As a landmark first for the continent, Pan-African technology and e-commerce business Jumia are launching their IPO on the New York Stock Exchange. The filing is a first for e-commerce in Africa, but the repercussions may cause a wave of detrimental effects.
With four million dedicated customers, Jumia may appear excellent on paper, and in a good position to enter the New York Stock exchange. Despite the rapport, entering the New York Stock Exchange is anticipated to cause Jumia’s parent company, Rocket Internet, to withdraw.
The withdrawal of Rocket Internet would not only divide existing shareholders and their stakes, but it will cause a flow-on effect for Jumia’s revenue, which is experiencing hundreds of millions of US dollars in losses year on year.
2018 saw Jumia declare a revenue of almost $150 million, with a record loss of over $195 million.

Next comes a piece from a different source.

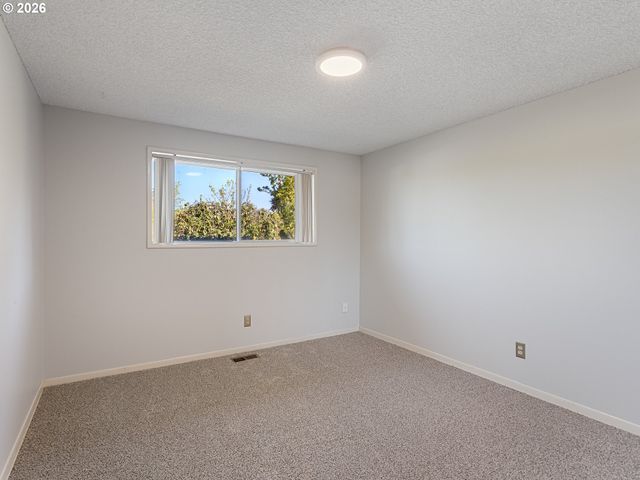 5535 Sw 142ND Ave, Beaverton, OR 97005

The company spans across 14 different African regions including Morocco and Egypt and will be entering the New York Stock exchange while still operating on negative cash flow, amounting to almost £160 million.
Jumia has been transparent regarding the risk factors that future shareholders face when investing in them. Citing primary reasons such as political instability and changing regulatory laws in the African market. Jumia is presenting a high risk, high reward opportunity.
Claiming to be “only e-commerce businesses successfully operating across multiple regions in Africa,” Jumia proudly reference their four million committed customers regularly.
Rocket Internet itself would appear to be ambivalent about the launch of Jumia on the New York Stock Exchange.